> [Problem to work on]: As you print the data below, keep every line exactly as it is and leave the images behind.

> [Data]:
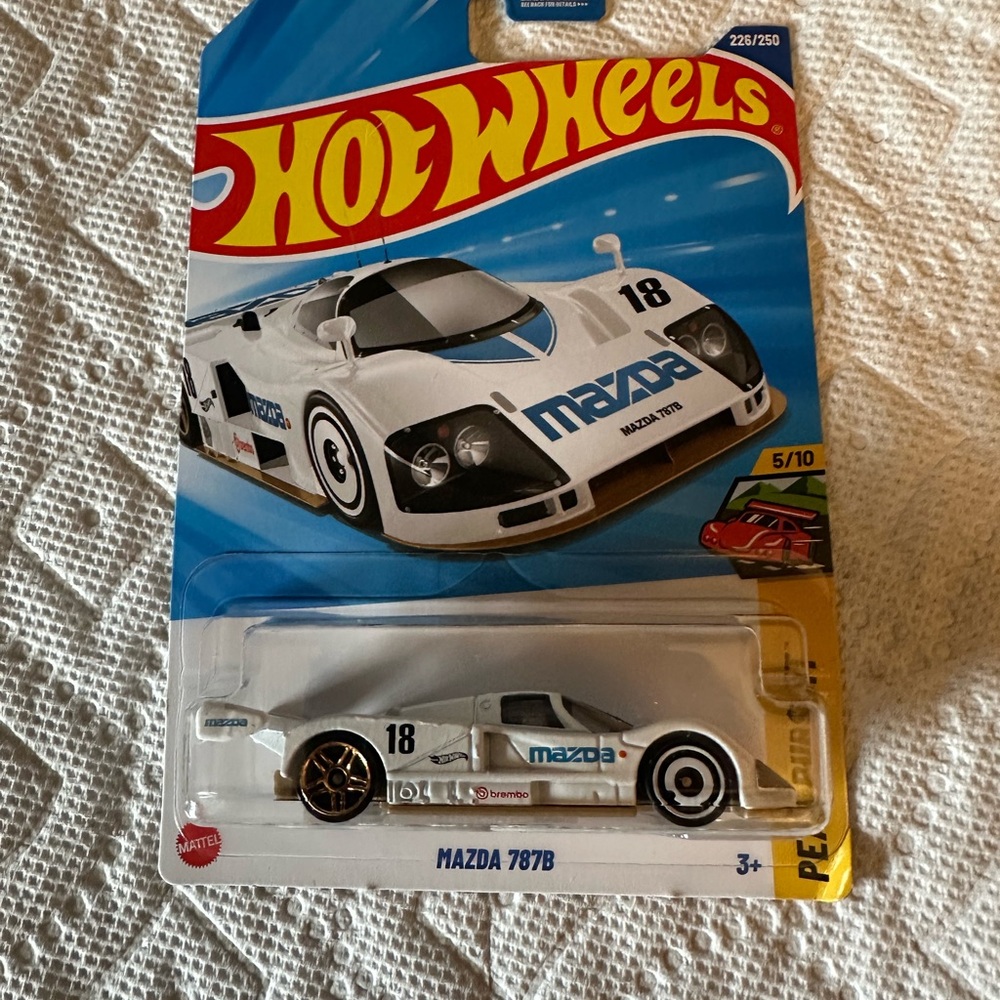 Hot Wheels Mazda 787B Car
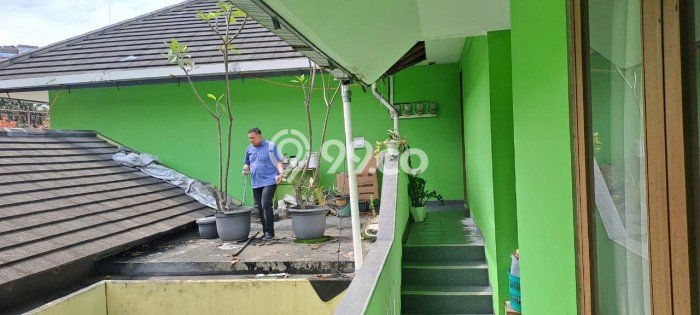 Unit Kost Dijual di Kawasan Kebayoran Baru Jakarta Selatan dengan 17 KT Unit Kost Dijual di Kawasan Kebayoran Baru Jakarta Selatan dengan 17 KT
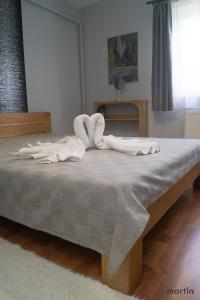 Posteľ alebo postele v izbe v ubytovaní AllOne apartman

> [Answer to this problem]:
 Hot Wheels Mazda 787B Car
 Unit Kost Dijual di Kawasan Kebayoran Baru Jakarta Selatan dengan 17 KT Unit Kost Dijual di Kawasan Kebayoran Baru Jakarta Selatan dengan 17 KT
 Posteľ alebo postele v izbe v ubytovaní AllOne apartman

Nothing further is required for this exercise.